= Yaroslav Golovanov =

Soviet Russian aerospace journalist and writer

Yaroslav Golovanov

Yaroslav Kirillovich Golovanov (Ярослав Кириллович Голованов; 2 June 1932 in Moscow – 21 May 2003 in Peredelkino) was a Russian journalist, writer and science communicator. He covered space exploration by the Soviet Union from its beginnings.

Golovanov's father was director of a theatre (today's Gogol's Theatre). His mother was an actress.

Golovanov studied rocket engineering at the Bauman Moscow State Technical University, finishing in 1957(?). During 1956-58 he worked in a laboratory of the Ministry of Aviation Industry. In September 1957 he started to write for the science department of the daily Komsomolskaya Pravda, working there as an editor from February 1958. From 1968 to 2003 he was an independent contributor of the newspaper.
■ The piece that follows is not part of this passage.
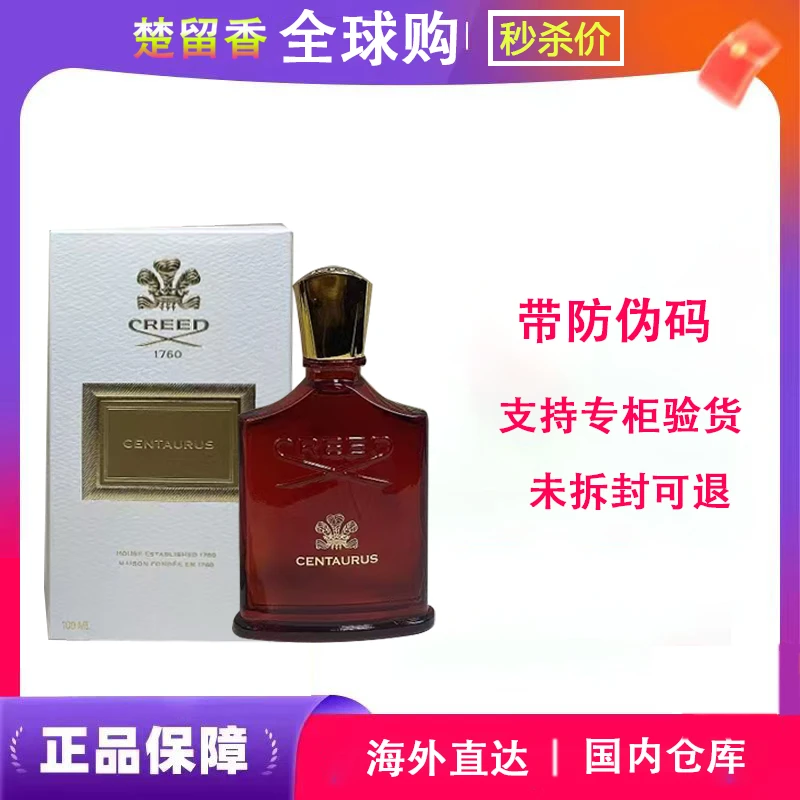 CREED恺芮得炽夜繁星香水木质琥珀调送礼男女香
Golovanov soon specialized in space exploration. The first novel "Кузнецы грома" (Thunder's Blacksmiths) deals with the lives of Soviet rocket designers.
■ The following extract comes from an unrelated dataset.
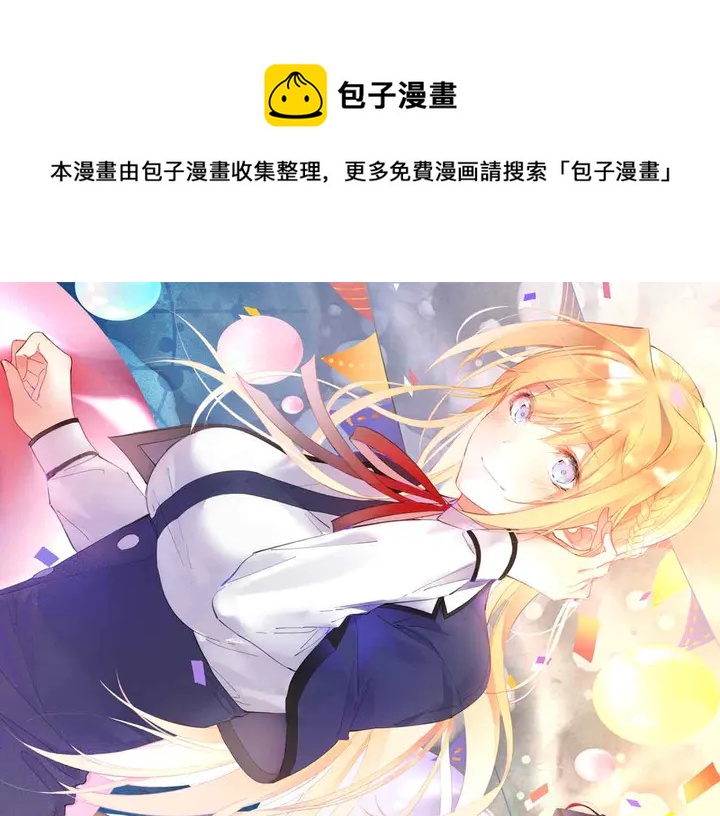 起源篇 第30话 命运0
Between 1965 and 1966 Golovanov was a member of a team of three journalists, unofficial candidates for a space flight. The team was disbanded after Korolyov's death. (Golovanov tried, in vain, to become a cosmonaut in the early 1990s.)

In 1982 he published "Дорога на космодром" (Doroga na kosmodrom, The Path to Cosmodrome), a detailed overview of the history of space exploration, mainly in the Soviet Union. His detailed biography of Korolyov was published in 1994 under name "Королев. Факты и мифы" (Korolyov - facts and myths). Golovanov's diary of fifty years was published in 1998-99 under the title "Заметки вашего современника" (Notes from Your Contemporary).

In total, Yaroslav Golovanov published 20 books, which were translated into 25 languages.

Golovanov was married three times: to Valentina Alekseyevna Zhuravleva [with sons Vasily (born 1960) and Aleksandr (born 1965)], to Natalija Borisovna Laskin with son, Dmitri (born 1974) and to Yevgenia Markovna Albats [with daughter Olga (born 1988)].

==Trivia==
- Dmitri Bilenkin, Agranovsky, Yaroslav Golovanov, Komarov, and an artist Pavel Bunin used the collective pseudonym Pavel Bagryak for some of their works.